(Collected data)
+-------+

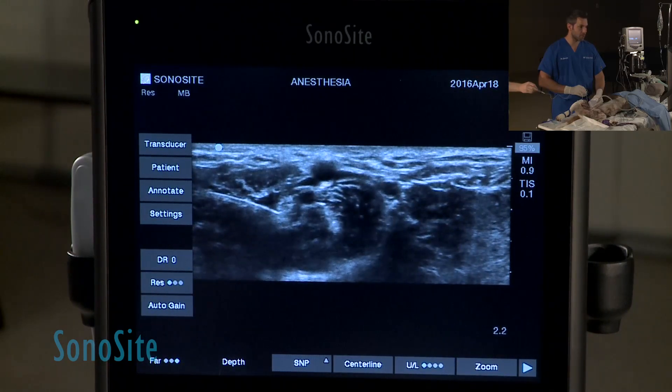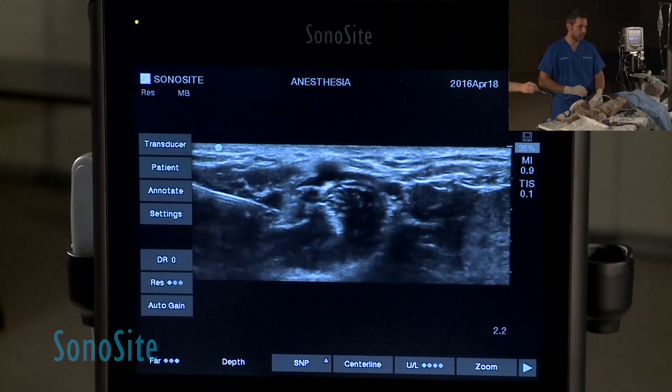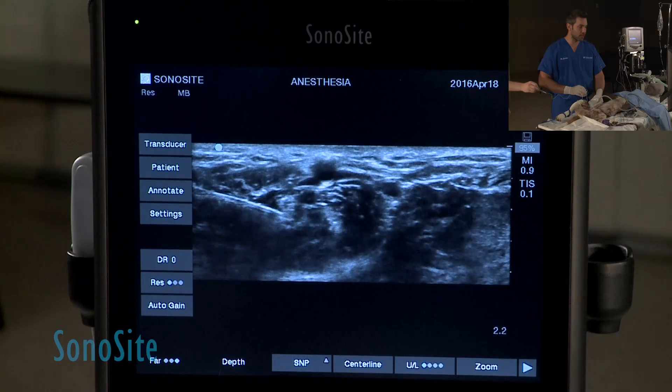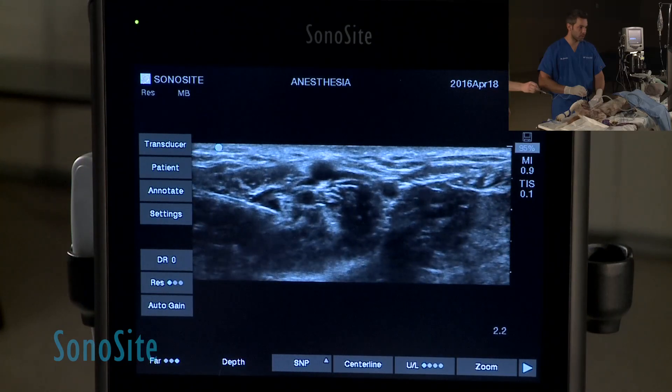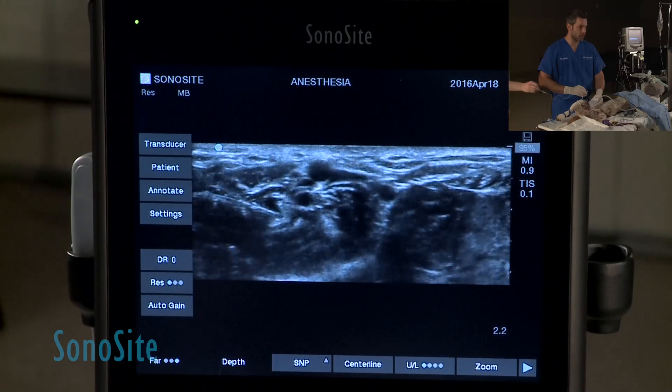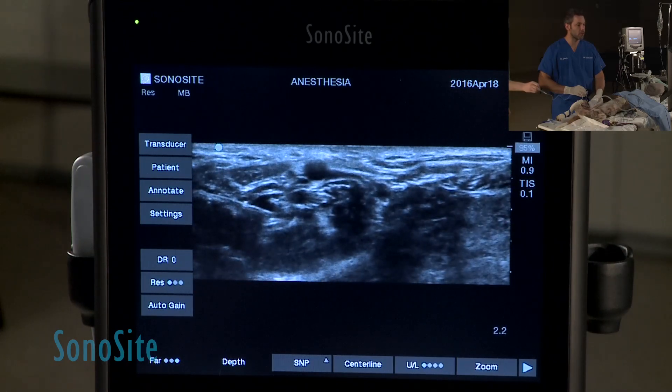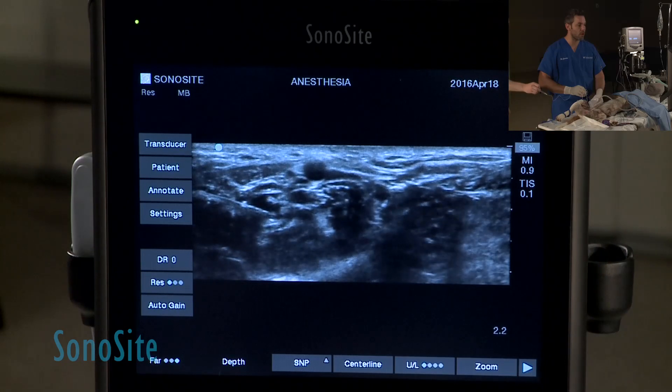We aspirated to make sure we didn't hit that circumflex, and we're going to coat now the nerve with the local anesthetic. You can see we're creating a pool of local anesthetic around the nerve, which will make the nerve a little easier to see, and you're going to see that now the nerve is quite a bit detached from every structure around.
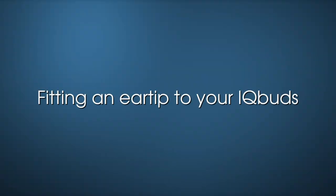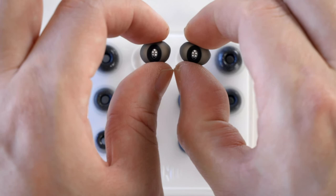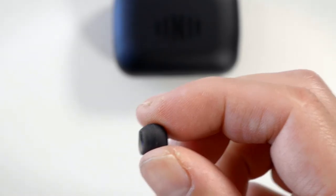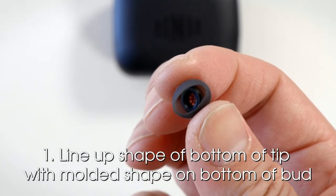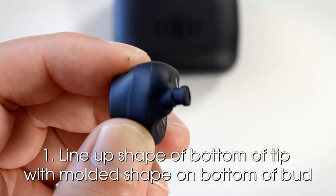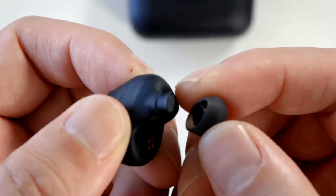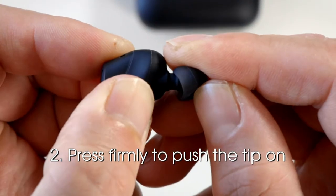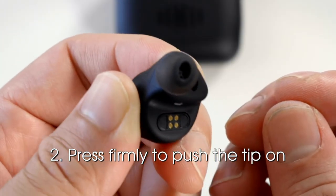Fitting an ear tip to your IQbuds. To begin testing your ear tips, take a pair of tips from the plastic blister pack. To put an ear tip on a bud, first line up the inner shape of the bottom of the tip with the moulded shape on the bottom of the bud. Then press firmly to push the tip on. Do this for each bud.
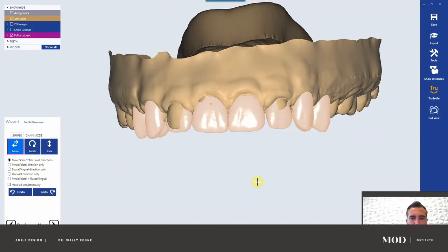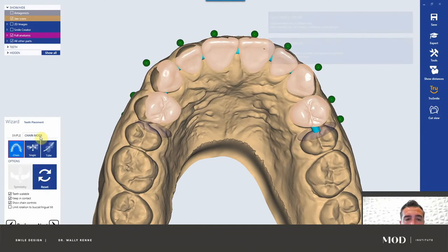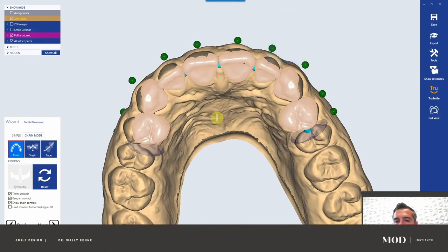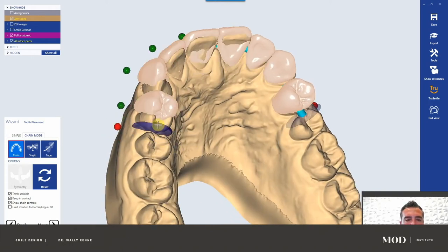Let me turn off my antagonist by hitting A. So why do I like moving things in this view? I really like chain mode — chain mode is just how I like to wax. You're going to lose a lot of what you did in the smile design, but that's okay because it actually keeps those photos and all those measurements that you can go back to.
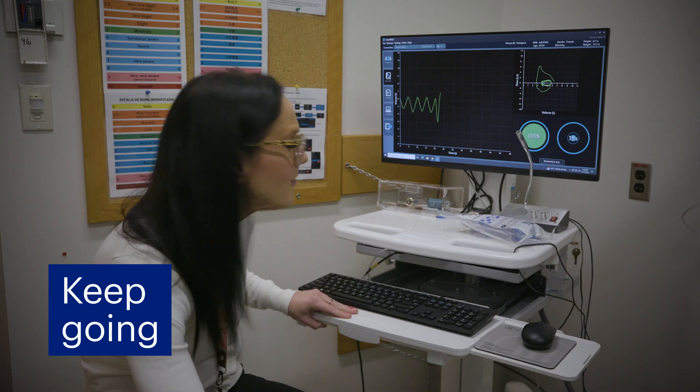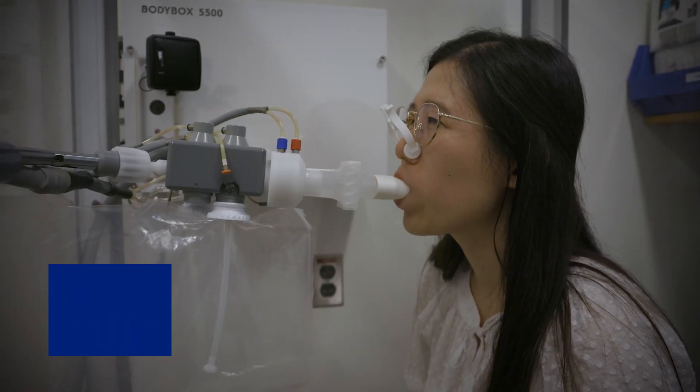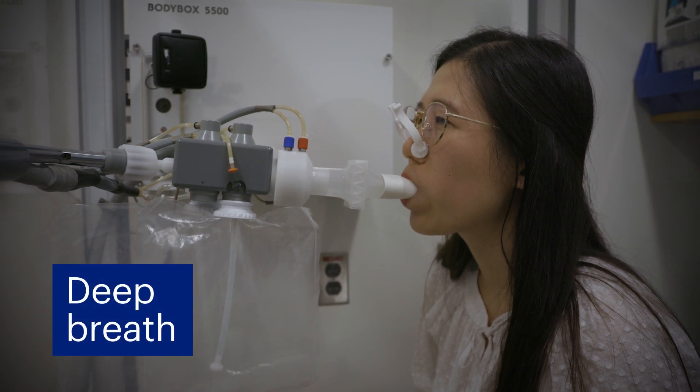You will need to continue breathing out until you're asked to stop, even if it feels like you have no more air left, until you're asked to stop and take a deep breath in.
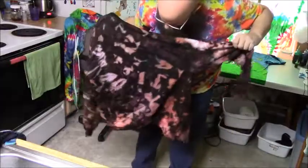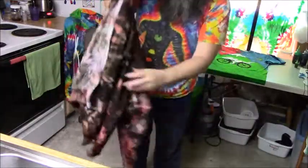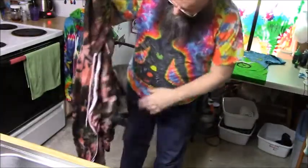All right, here we go. There's the hoodie. We'll see how it turns out after it's washed and arranged, but this was an ice dye that you guys watched. Yeah, it's looking pretty good.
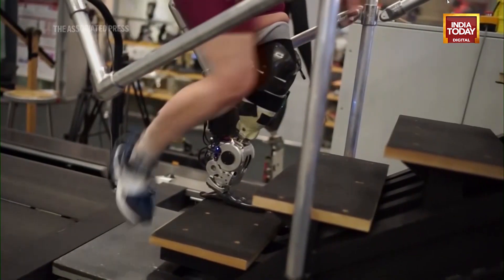Those data are then decoded by small computers on the robot that tell the machine how to move — what forces or torques to apply to enable natural movement by the person with amputation.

+-------+

Work required
Retype all the data exactly; skip the pictures.

Response box
We aspirated to make sure we didn't hit that circumflex, and we're going to coat now the nerve with the local anesthetic. You can see we're creating a pool of local anesthetic around the nerve, which will make the nerve a little easier to see, and you're going to see that now the nerve is quite a bit detached from every structure around.
Fitting an ear tip to your IQbuds. To begin testing your ear tips, take a pair of tips from the plastic blister pack. To put an ear tip on a bud, first line up the inner shape of the bottom of the tip with the moulded shape on the bottom of the bud. Then press firmly to push the tip on. Do this for each bud.
Let me turn off my antagonist by hitting A. So why do I like moving things in this view? I really like chain mode — chain mode is just how I like to wax. You're going to lose a lot of what you did in the smile design, but that's okay because it actually keeps those photos and all those measurements that you can go back to.
You will need to continue breathing out until you're asked to stop, even if it feels like you have no more air left, until you're asked to stop and take a deep breath in.
All right, here we go. There's the hoodie. We'll see how it turns out after it's washed and arranged, but this was an ice dye that you guys watched. Yeah, it's looking pretty good.
Those data are then decoded by small computers on the robot that tell the machine how to move — what forces or torques to apply to enable natural movement by the person with amputation.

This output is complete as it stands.